Week: Monday 28 September - Friday 2 October 2009

UK News

A commercial double-edged sword

Developers are raising funds to buy land again

Buy-to-let mortgages face FSA regulation

Rents up, tenants behind

HCA has a total budget of £13.6bn

 

 
A commercial double-edged sword

According to Capital Economics UK Commercial Property Focus, it is plausible that commercial property total returns could hit 15% in 2010 due to the sharp rebound in investor sentiment and the sheer weight of equity poised to (re-) enter the market, however, it emphasises that it’s central forecast is for total returns to be about 6% in 2010.

It is basing this prediction on its analysis of historical information. In 2009, total returns as a whole is likely to be -7% but Capital Economics believes that total returns can jump very sharply in the first year of a recovery as they did in 1975 (from -16% in 1974 to +11%), an increase of +27%, and also in 1993 (from -2% in 1992 to +20%).

Most significantly, according to the report, is that there is scope for the emerging economic recovery to fade away from the middle of next year, perhaps on the back of a substantial fiscal tightening.

Capital Economics believes that any commercial mini-boom over the next year or so that is founded on sentiment and liquidity rather than on fundamental drivers such as solid tenant demand and rental value growth may simply result in the market overshooting and becoming expensive again. This would set the scene for a renewed bout of capital value falls in 2011.

The report said: ‘In other words, the stronger the rebound over the next 12-15 months the greater the scope for weak performance thereafter. If total returns do turn out to be 15% in 2010, our forecasts for the subsequent two to three years will almost certainly be revised down.’

 

Developers are raising funds to buy land again

According to Knight Frank’s Q3 Land Index report, the value of development land has slightly risen for the second successive quarter, with an increase of +1.1% (urban land) and +1.6% (Greenfield) for the quarter to September.

Knight Frank believes the recent growth has been led by re-financed house-builders and private equity groups.

However, despite the recent growth, land values around urban areas are still below their Q4 2007 peak by -50% and on an annual basis urban land is down by -26.4% and Greenfield by -16.8%.

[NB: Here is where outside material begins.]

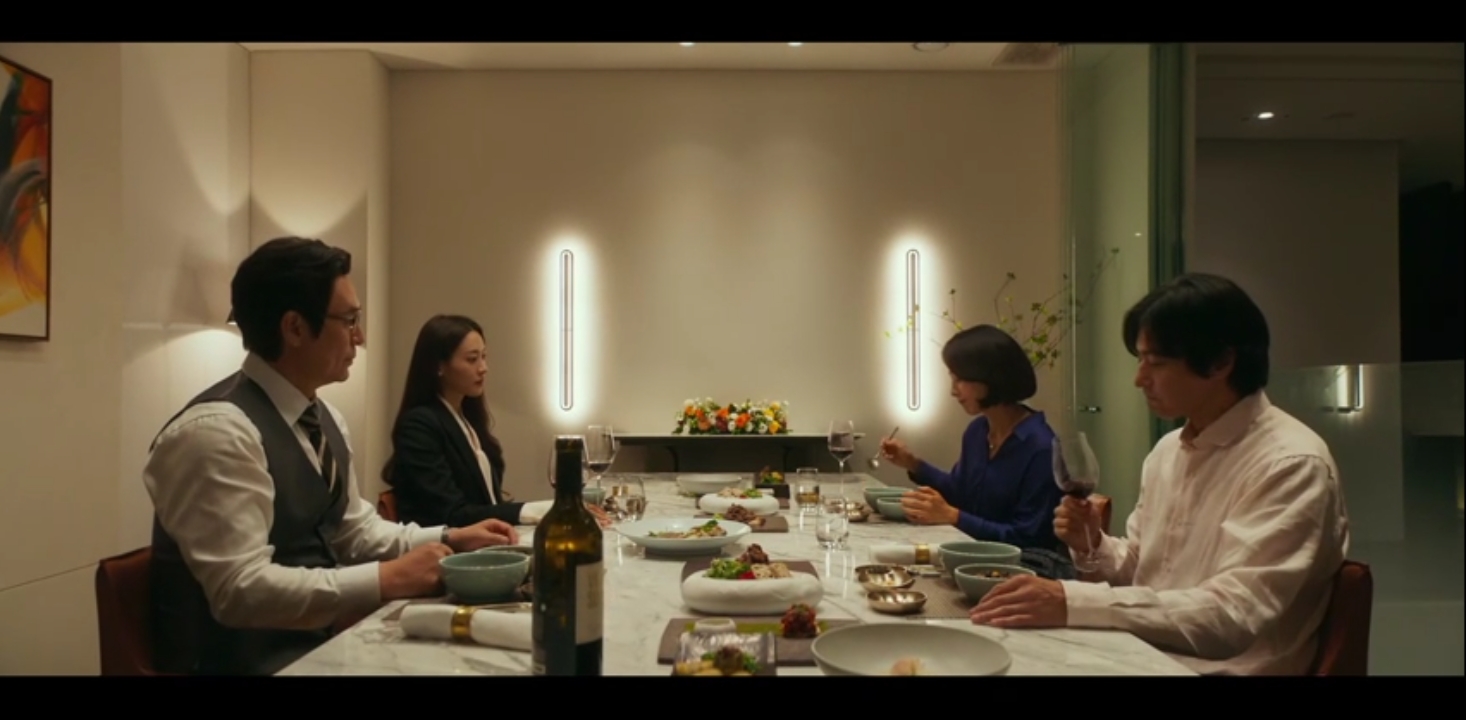 فیلم یک خانواده معمولی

According to the report, there is a stand-off between land-owners – who expect values to rise still further over the next 12 months – as builders try to acquire land and to re-build stocks, and purchasers who are finding development financing still in short supply.

Therefore, as the current available stock of properties is getting rather thin on the ground, house builders and agents are becoming concerned that they will have nothing to sell when the market further improves in spring next year.

Liam Bailey, head of residential research at Knight Frank, said: “The reaction has been for many builders to raise money, to allow them to buy new land and start building. The volume of new-build starts has certainly improved since the turn of the year but there is evidence that this is the result of less complex sites being build out.”

 

Buy-to-let mortgages face FSA regulation

The Financial Services Authority (FSA) is proposing to introduce new regulations in October 2009 that will, for the first time, restrict buy-to-let mortgages, blaming the global financial crisis on lax home-loan lending.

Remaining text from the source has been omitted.